Yeast is a single-celled fungus that feeds on sugar. As it digests glucose, it produces carbon dioxide and a small amount of alcohol. The CO2 gets trapped inside the dough, inflating it like thousands of tiny balloons. The alcohol evaporates during baking. This is the process behind every loaf of bread, pizza crust, and cinnamon roll that needs time to rise before it goes in the oven.

Because yeast is alive, it’s sensitive to temperature. It thrives in warm environments, which is why most bread recipes call for water between 100°F and 110°F when activating dry yeast. Cold temperatures slow it down (useful for overnight rises in the fridge), and temperatures above roughly 130°F to 140°F kill it outright. If your dough isn’t rising, the water you used may have been too hot.
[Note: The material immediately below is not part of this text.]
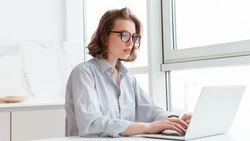 Эксперты ВТБ рассказали, как снизить риски ИИ галлюцинаций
Yeast-based doughs typically need anywhere from one to several hours to rise, sometimes with a second rise after shaping. That long fermentation is also what develops the complex, slightly tangy flavor you associate with good bread.

Baking Soda and Baking Powder

When you don’t have hours to wait, chemical leaveners do the job almost instantly. Both baking soda and baking powder rely on the same active compound: sodium bicarbonate. The difference is what triggers the reaction.

Baking soda is pure sodium bicarbonate. It needs an acid to react. When it meets something acidic in your batter, like buttermilk, lemon juice, yogurt, or brown sugar, it releases one molecule of carbon dioxide for every molecule of sodium bicarbonate. That reaction starts immediately, which is why recipes using baking soda often tell you to get the batter into the oven quickly.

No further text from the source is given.